A youtuber by the name of Kanghua Ren was fined $22300 and was also sentenced to 15 months imprisonment for filming himself giving a homeless man an oreo filled with toothpaste. He gave 20 euros and oreo cookies to a homeless which were laced with toothpaste instead of cream. The video depicts the homeless man vomiting after eating the cookie. In the video Ren stated that although he had gone a bit far, the action would help clean the homeless person’s teeth. The court, however, did not take this lightly and sentenced him. The judge stated that this was not an isolated act and that Ren had shown cruel behaviour towards vulnerable victims.
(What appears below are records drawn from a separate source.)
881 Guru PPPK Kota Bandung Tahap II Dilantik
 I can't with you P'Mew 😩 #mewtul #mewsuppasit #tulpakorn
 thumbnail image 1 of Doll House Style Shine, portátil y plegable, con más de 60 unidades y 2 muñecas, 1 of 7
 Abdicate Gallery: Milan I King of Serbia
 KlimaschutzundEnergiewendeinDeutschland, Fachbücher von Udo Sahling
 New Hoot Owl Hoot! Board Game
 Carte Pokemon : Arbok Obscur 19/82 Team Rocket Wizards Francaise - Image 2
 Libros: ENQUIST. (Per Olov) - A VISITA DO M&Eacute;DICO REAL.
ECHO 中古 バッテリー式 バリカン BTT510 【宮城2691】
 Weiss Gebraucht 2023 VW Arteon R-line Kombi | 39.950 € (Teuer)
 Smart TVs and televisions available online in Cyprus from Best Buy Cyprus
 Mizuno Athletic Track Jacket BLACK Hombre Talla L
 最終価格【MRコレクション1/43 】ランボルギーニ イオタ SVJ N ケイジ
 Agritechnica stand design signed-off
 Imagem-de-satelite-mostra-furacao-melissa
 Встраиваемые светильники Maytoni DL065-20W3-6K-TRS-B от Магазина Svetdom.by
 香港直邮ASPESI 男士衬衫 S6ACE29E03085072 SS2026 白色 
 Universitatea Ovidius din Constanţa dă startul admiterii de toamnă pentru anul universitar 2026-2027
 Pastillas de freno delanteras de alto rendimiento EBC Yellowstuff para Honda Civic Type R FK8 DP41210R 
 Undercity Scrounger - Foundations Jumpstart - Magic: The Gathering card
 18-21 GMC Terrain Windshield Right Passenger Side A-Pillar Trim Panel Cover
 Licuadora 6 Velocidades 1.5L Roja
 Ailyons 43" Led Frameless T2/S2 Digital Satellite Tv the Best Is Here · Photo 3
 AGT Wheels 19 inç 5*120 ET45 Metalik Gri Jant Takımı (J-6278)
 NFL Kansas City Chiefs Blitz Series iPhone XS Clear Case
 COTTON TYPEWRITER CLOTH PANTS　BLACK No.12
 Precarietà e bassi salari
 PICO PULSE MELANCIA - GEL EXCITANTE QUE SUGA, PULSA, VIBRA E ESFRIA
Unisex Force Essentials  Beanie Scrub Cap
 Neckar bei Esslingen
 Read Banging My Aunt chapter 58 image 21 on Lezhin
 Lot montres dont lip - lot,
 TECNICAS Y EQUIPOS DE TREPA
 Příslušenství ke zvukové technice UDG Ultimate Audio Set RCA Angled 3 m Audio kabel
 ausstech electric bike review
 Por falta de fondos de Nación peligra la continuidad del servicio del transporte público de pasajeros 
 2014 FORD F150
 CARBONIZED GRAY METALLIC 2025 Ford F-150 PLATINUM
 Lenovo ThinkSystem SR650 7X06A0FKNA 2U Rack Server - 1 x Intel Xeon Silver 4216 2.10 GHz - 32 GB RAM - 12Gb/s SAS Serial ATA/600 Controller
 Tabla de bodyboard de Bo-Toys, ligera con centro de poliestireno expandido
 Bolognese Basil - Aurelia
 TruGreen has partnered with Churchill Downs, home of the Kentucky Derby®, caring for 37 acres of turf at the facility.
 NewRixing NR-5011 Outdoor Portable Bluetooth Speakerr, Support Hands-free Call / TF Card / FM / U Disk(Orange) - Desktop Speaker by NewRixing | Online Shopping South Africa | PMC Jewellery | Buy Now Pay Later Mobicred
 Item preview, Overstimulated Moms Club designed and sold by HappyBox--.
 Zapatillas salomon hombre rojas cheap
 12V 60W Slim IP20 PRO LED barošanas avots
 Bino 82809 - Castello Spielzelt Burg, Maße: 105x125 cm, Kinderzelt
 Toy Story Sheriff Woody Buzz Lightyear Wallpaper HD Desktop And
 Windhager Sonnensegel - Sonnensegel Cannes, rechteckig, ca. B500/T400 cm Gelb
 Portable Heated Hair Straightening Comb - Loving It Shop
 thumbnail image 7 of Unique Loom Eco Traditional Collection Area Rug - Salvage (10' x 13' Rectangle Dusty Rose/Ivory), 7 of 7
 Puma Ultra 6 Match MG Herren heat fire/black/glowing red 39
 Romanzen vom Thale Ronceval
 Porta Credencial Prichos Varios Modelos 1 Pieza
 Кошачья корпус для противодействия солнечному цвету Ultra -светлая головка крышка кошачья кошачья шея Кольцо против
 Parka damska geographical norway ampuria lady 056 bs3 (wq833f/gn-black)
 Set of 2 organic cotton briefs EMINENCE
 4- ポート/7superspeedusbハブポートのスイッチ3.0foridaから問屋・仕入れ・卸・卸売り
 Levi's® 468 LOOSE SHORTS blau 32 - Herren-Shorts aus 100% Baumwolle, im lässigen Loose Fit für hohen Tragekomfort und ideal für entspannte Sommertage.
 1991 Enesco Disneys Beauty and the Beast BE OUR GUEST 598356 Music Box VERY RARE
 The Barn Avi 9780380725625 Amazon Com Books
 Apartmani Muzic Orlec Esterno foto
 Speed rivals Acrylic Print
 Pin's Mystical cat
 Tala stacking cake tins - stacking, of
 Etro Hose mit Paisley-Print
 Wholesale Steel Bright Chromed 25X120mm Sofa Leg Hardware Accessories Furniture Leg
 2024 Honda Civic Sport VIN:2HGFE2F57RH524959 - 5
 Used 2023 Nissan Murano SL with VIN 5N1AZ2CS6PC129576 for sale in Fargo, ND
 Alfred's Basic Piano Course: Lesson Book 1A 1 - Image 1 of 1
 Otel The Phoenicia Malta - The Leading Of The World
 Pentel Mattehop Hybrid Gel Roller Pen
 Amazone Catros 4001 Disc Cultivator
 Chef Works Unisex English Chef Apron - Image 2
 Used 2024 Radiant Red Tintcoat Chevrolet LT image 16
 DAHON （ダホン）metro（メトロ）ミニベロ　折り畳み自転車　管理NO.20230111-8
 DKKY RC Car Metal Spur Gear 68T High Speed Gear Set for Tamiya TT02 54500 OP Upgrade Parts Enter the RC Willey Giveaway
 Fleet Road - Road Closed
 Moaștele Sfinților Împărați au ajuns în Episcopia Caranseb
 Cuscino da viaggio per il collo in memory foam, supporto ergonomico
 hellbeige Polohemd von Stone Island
These are some of the pranks and videos that have gained online notoriety. There are many other videos which have portrayed child abuse, following a trend by eating tidepods as well as making sharing anti-Semitic videos and using racist remarks. The most disturbing thing about these videos is that they are not only viewed by adults but also children. In my opinion these videos could be construed as having some influence on young individuals.

Youtube is a diverse platform home to millions of content creators. Since its inception it has served as a mode of entertainment and means of income to many individuals. From posting cat videos online to making intricate, detailed, and well directed short films, YouTube has revolutionized the video and content creation spectrum. Being an avid viewer of many channels on YouTube, I find that incidents like these, give YouTube a bad name. Proper policies and guidelines should be enacted and imposed and if necessary government supervision may also be exercised.